▶ **Available records**:
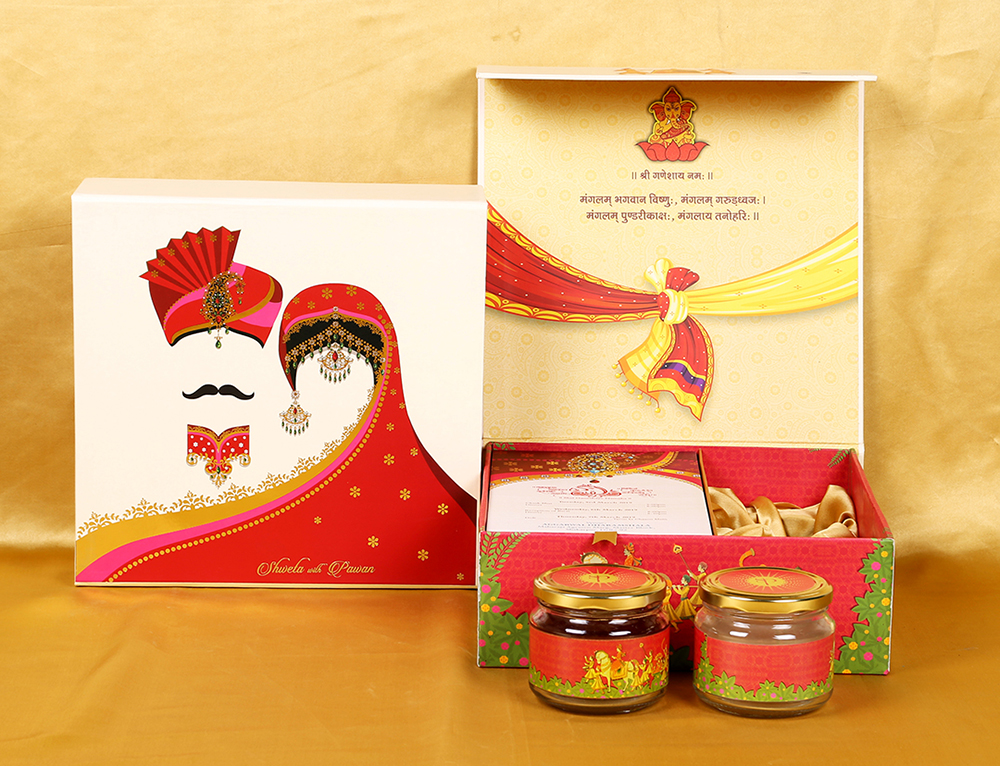 Traditional Indian box invite with Dulha Dulhan & baraat design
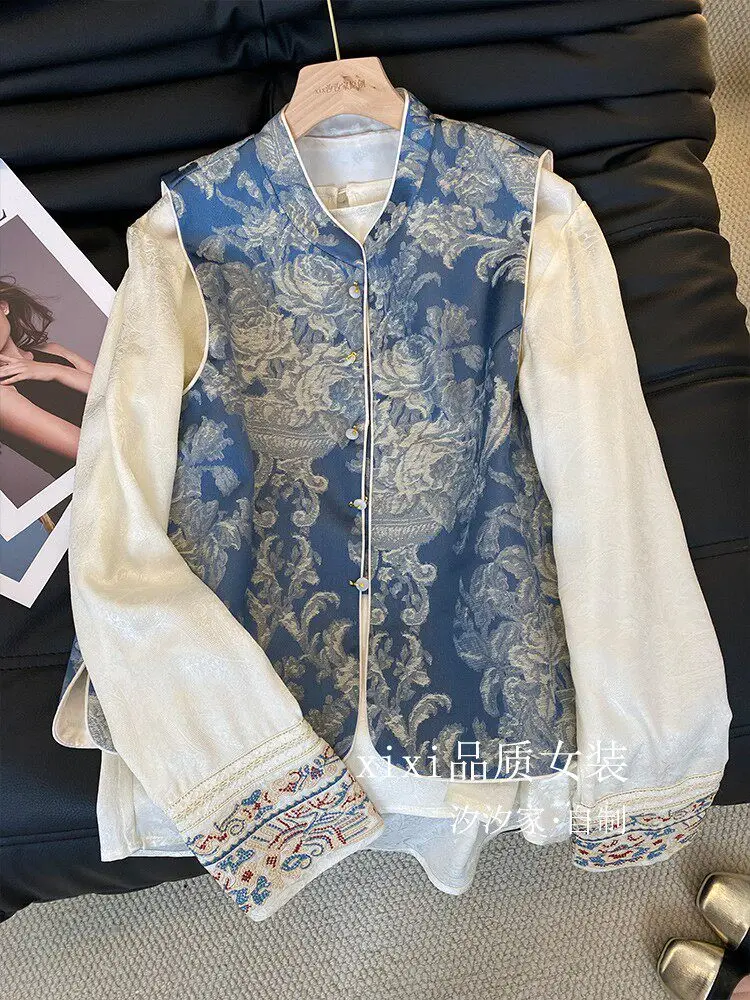New Blue blue and white porcelain vest, high-end retro jacquard double-sided
New Blue blue and white porcelain vest, high-end retro jacquard double-sided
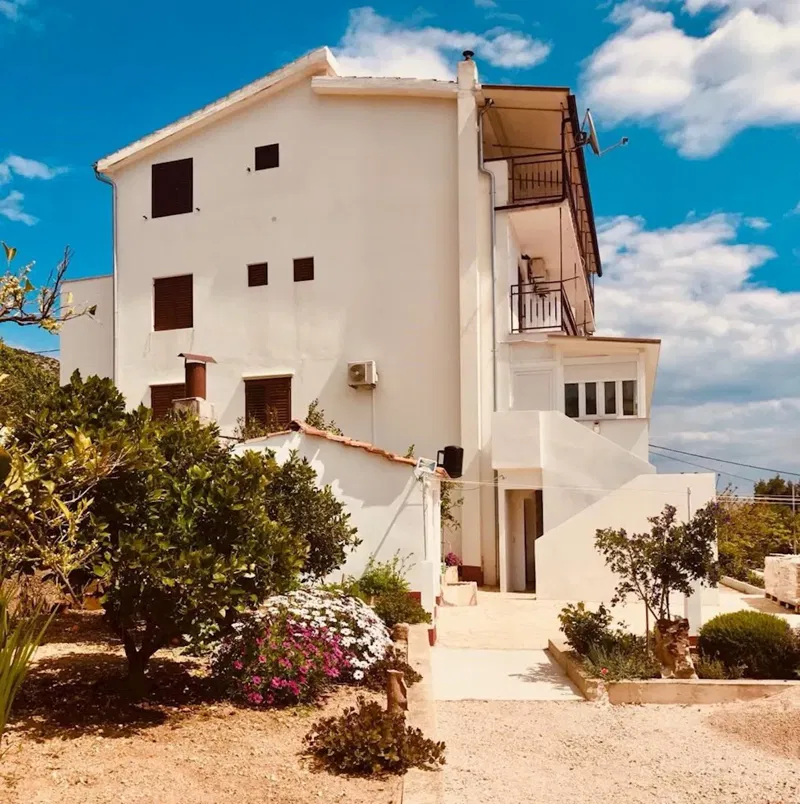 Casa indipendente con vista mare sul lato sud di Hvar – 2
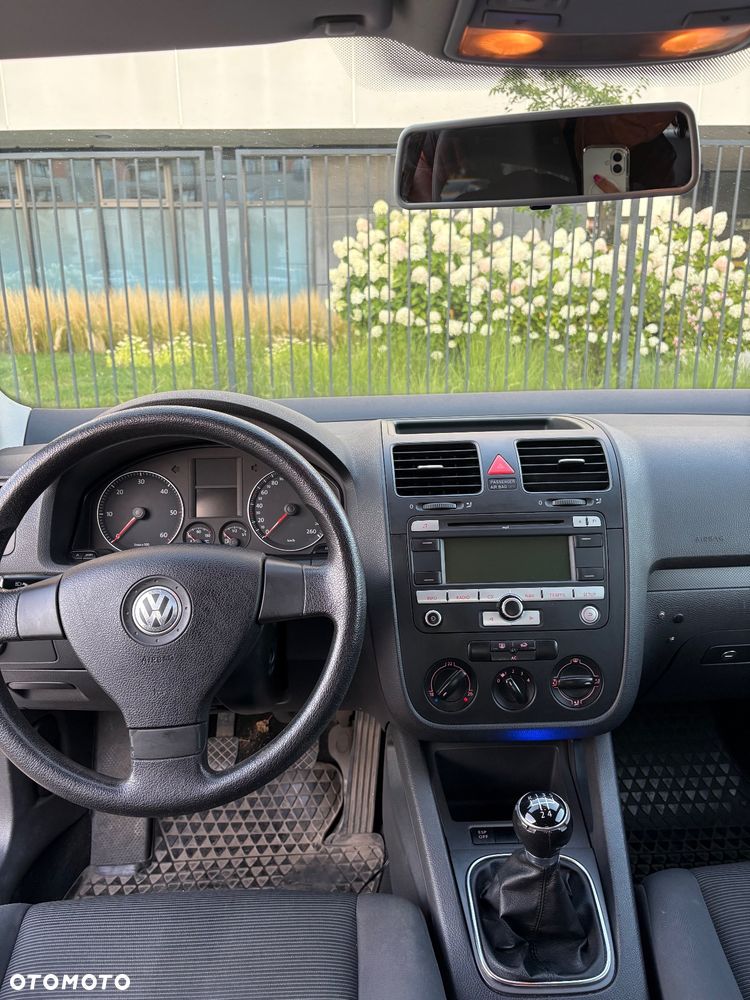 Volkswagen Golf V 1.9 TDI Comfortline - 9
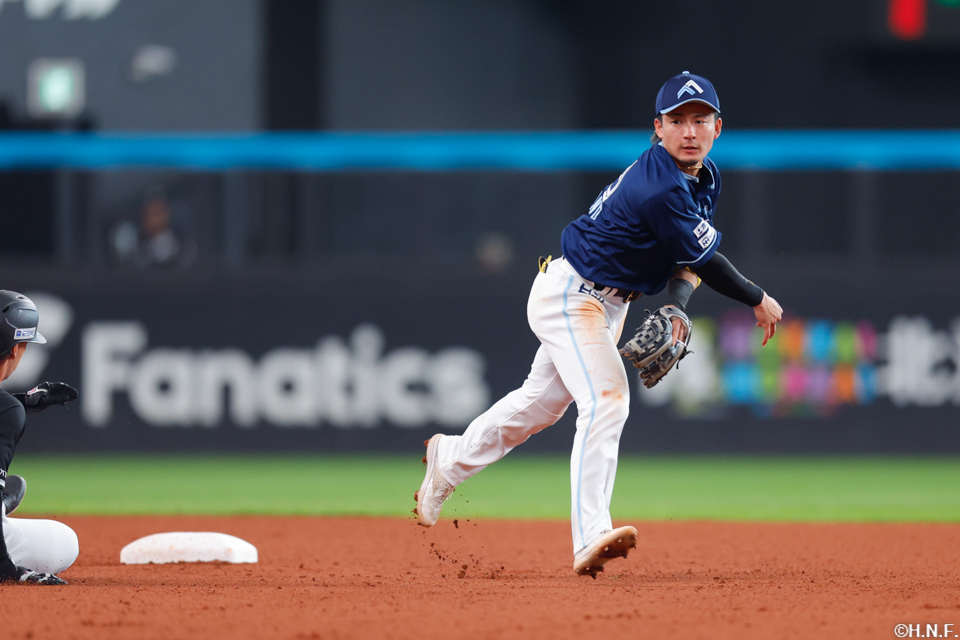 7回表、併殺を完成させる水野選手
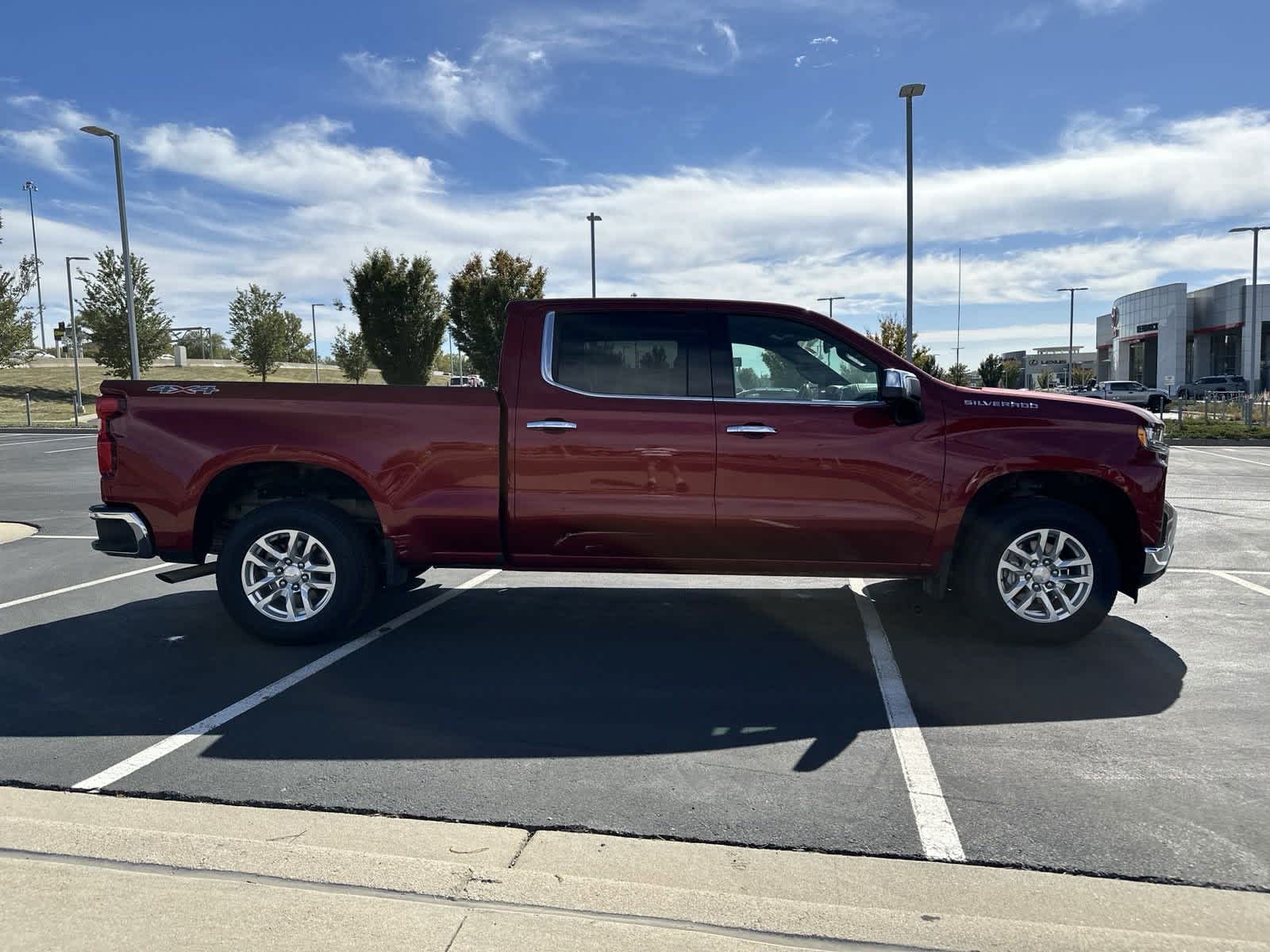 2020 Chevrolet Silverado 1500 LTZ 4WD Crew Cab 157 10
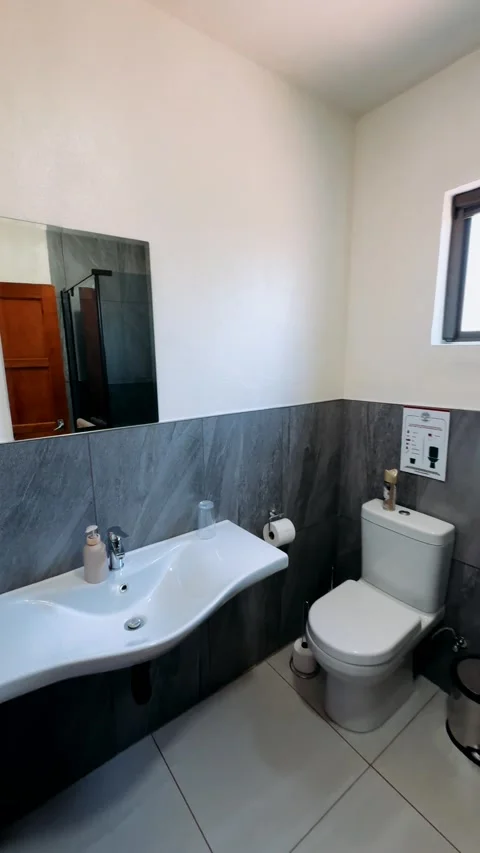Bathroom in a luxury hotel Stock Footage 325453290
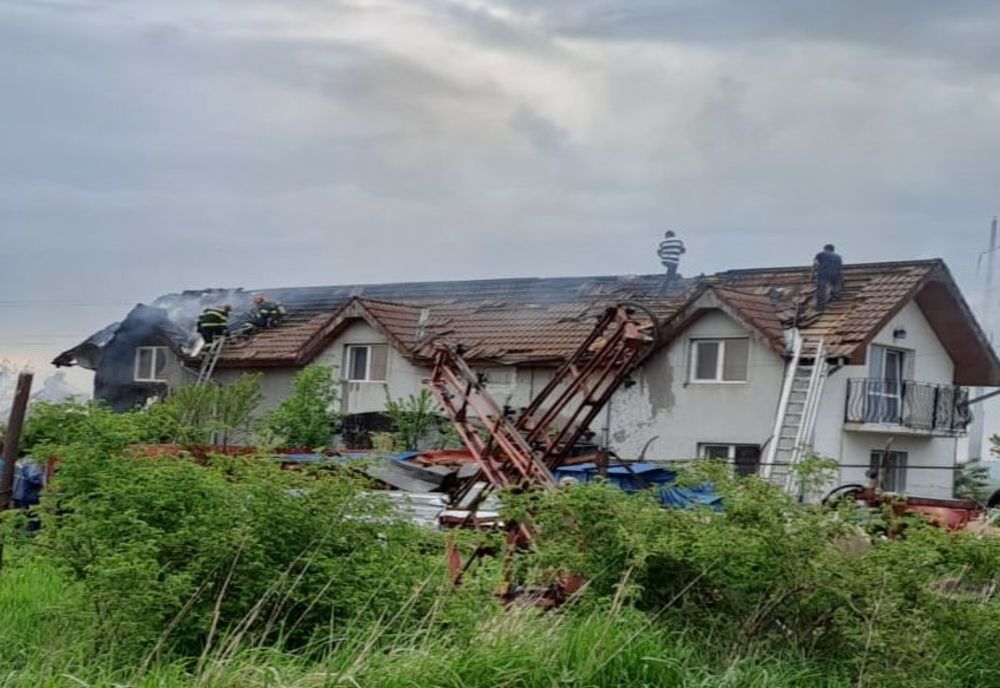 Incendiu violent la o gospodărie din Cheriu! O femeie a primit îngrijiri medicale (FOTO)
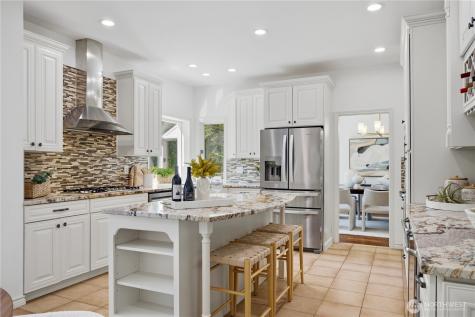 15885 SE 62nd Street Bellevue WA 98006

▶ **Problem**: A word-for-word copy of the listing is the goal; keep every picture out of it.

▶ **Written response**:
 Traditional Indian box invite with Dulha Dulhan & baraat design
New Blue blue and white porcelain vest, high-end retro jacquard double-sided
New Blue blue and white porcelain vest, high-end retro jacquard double-sided
 Casa indipendente con vista mare sul lato sud di Hvar – 2
 Volkswagen Golf V 1.9 TDI Comfortline - 9
 7回表、併殺を完成させる水野選手
 2020 Chevrolet Silverado 1500 LTZ 4WD Crew Cab 157 10
Bathroom in a luxury hotel Stock Footage 325453290
 Incendiu violent la o gospodărie din Cheriu! O femeie a primit îngrijiri medicale (FOTO)
 15885 SE 62nd Street Bellevue WA 98006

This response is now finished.